[Exercise materials — start]

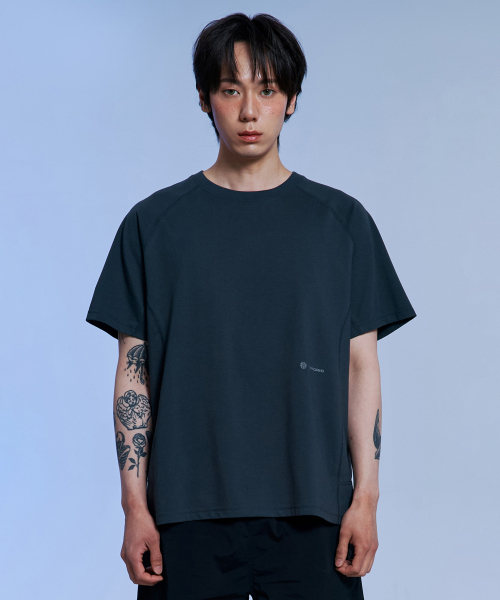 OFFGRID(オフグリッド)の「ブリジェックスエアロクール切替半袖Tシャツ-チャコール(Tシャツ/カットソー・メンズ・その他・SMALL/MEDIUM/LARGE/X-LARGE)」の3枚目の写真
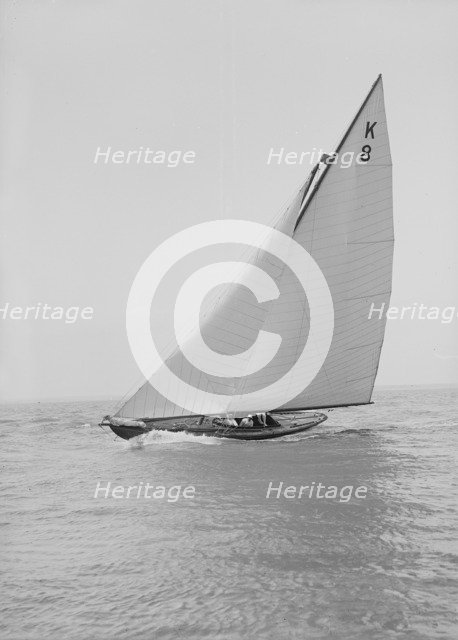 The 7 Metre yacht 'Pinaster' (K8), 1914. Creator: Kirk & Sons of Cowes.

[Exercise materials — finish]
[Exercise materials — start]

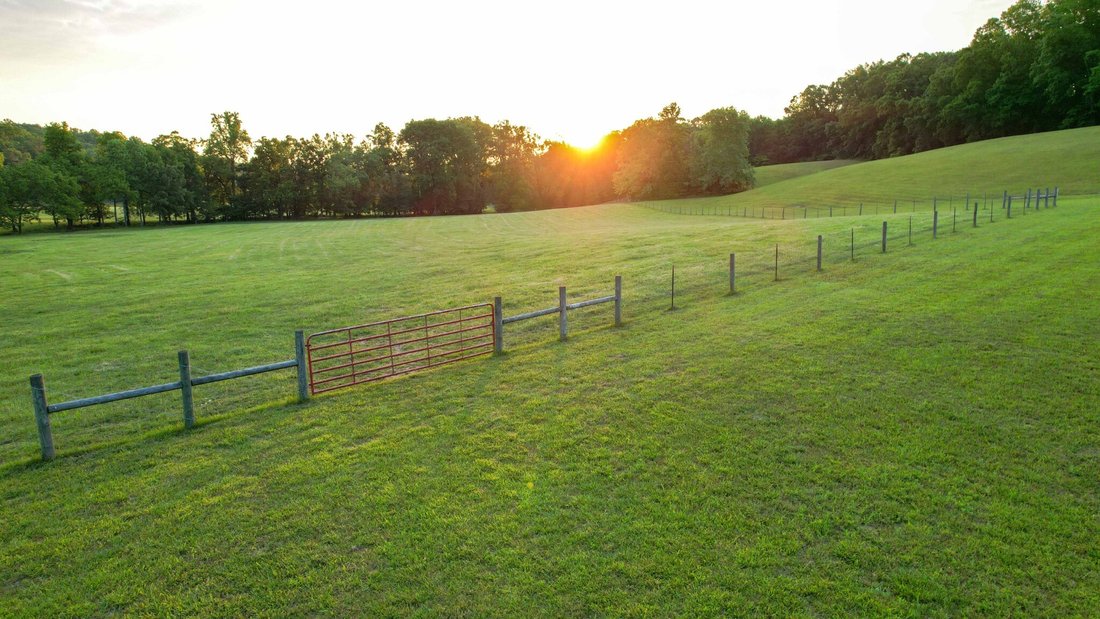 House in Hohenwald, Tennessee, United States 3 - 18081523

[Exercise materials — finish]
[Exercise materials — start]

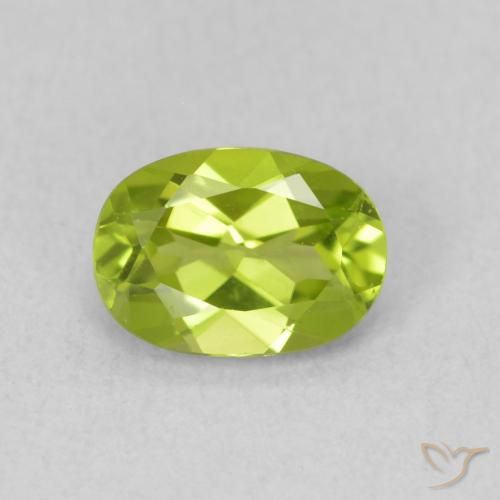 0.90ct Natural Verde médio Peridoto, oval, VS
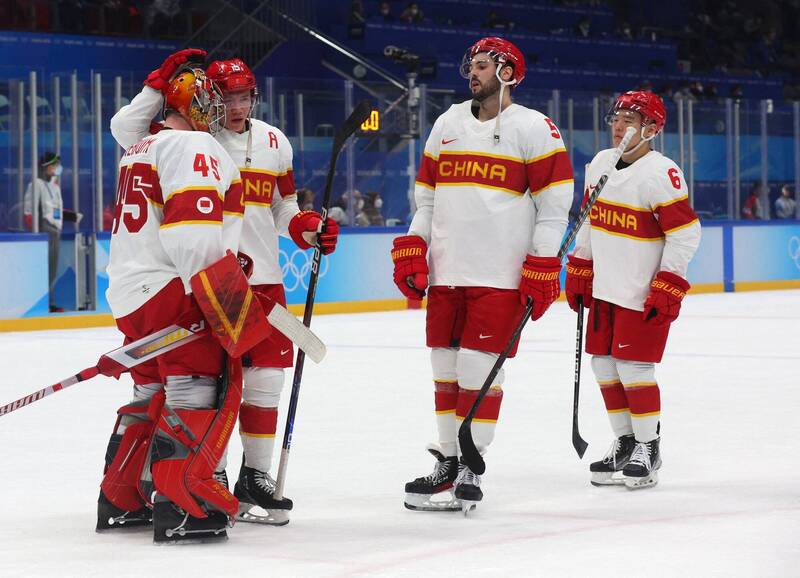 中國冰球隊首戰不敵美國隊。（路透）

[Exercise materials — finish]

*What to produce*.
In the data above, find the line containing "0.90ct Natural Verde" and the line containing "中國冰球隊首戰不敵美國隊。（路透）". Copy exactly the stretch from the first through the second, both included, leaving out any picture.

*Written reply*.
 0.90ct Natural Verde médio Peridoto, oval, VS
 中國冰球隊首戰不敵美國隊。（路透）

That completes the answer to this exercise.